Herman Cain's spokesman (via Jen Rubin): "We are concerned that the complete withdrawal of US troops from Iraq, according to the Obama Administration’s politically-driven timetable, will leave a power vacuum that Iran will readily exploit. We owe it to the thousands of US servicemen who lost their lives in Iraq to ensure that their ultimate sacrifice has made a lasting impact in creating a stable, free and prosperous country for all Iraqis. Telling the enemy when we are going to leave is not good policy."

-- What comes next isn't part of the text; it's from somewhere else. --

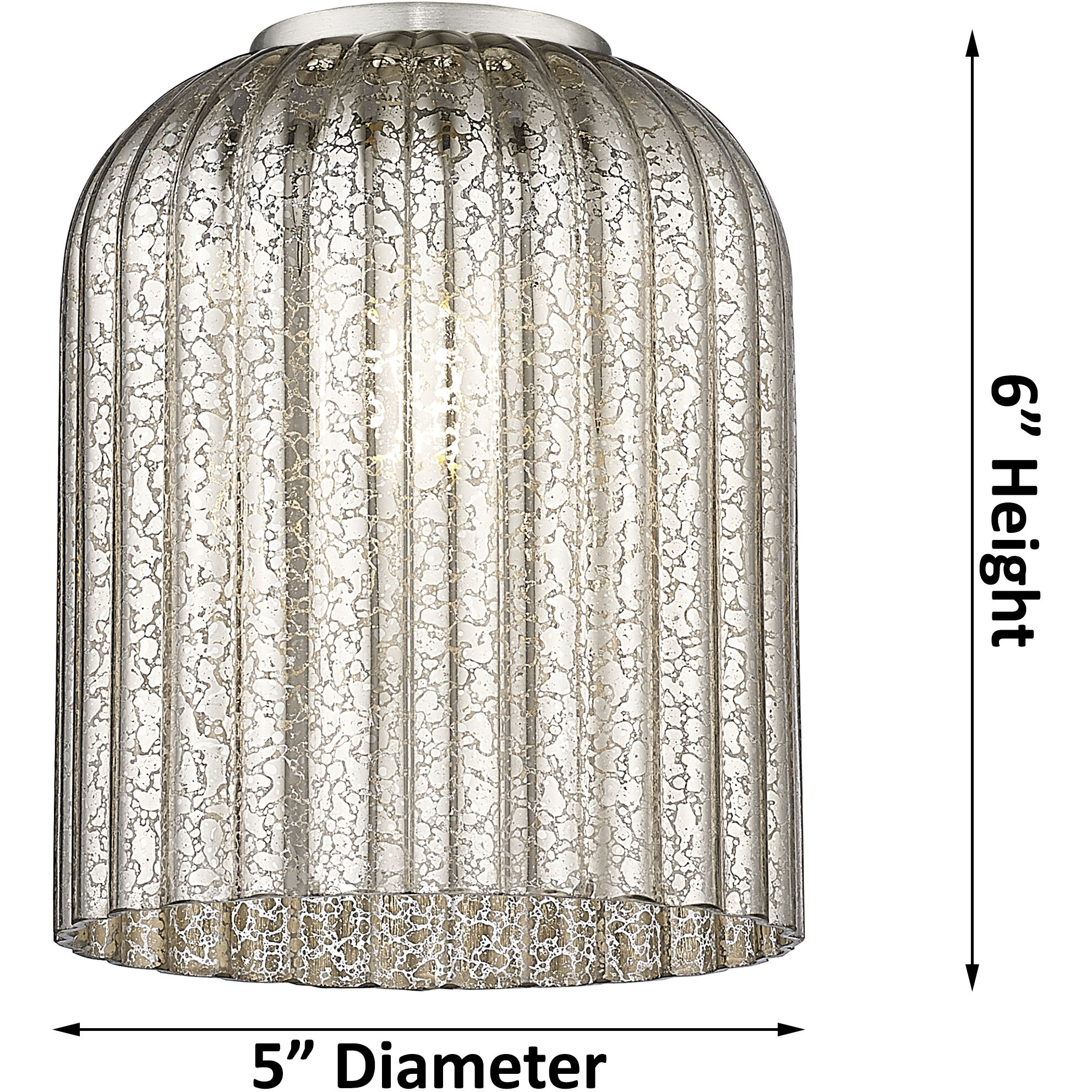 Bridal Veil 3 Light 22.5 inch Oil Rubbed Bronze Semi-Flush Mount Ceiling Light in Mercury Glass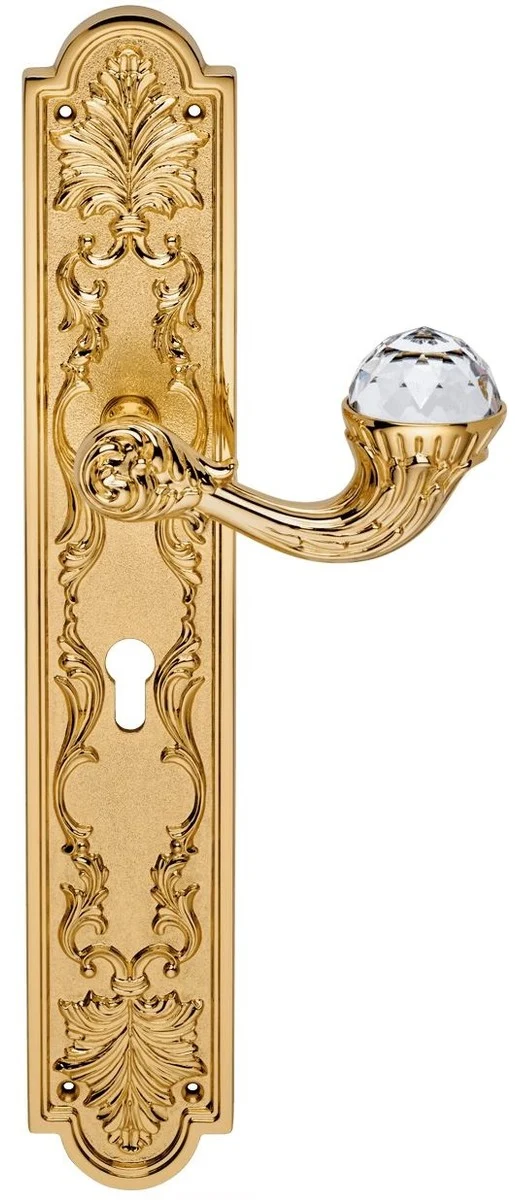 Casa Padrino Luxus Jugendstil Türgriff Set mit Swarovski Kristallglas Gold 16,4 x H. 41,8 cm - Barock & Jugendstil Hotel Accessoires Türklinken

Michele Bachmann: "Today’s announcement that we will remove all of our forces from Iraq is a political decision and not a military one; it represents the complete failure of President Obama to secure an agreement with Iraq for our troops to remain there to preserve the peace and demonstrates how far our foreign policy leadership has fallen. In every case where the United States has liberated a people from dictatorial rule, we have kept troops in that country to ensure a peaceful transition and to protect fragile growing democracies. We will now have fewer troops in Iraq than we have in Honduras – despite a costly and protracted war. President Obama’s decision represents the end of the era of America’s influence in Iraq and the strengthening of Iran’s influence in Iraq with no plan to counter that influence. We have been ejected from a country by the people that we liberated and that the United States paid for with precious blood and treasure. The administration claims that we got exactly what we needed, but today’s announcement demonstrates otherwise. The United States needed a working democratic partnership in Iraq and we should have demanded that Iraq repay the full cost of liberating them given their rich oil revenues. I call on the president to return to the negotiating table with Iraq and lead from the front and not from weakness in Iraq and in the world.”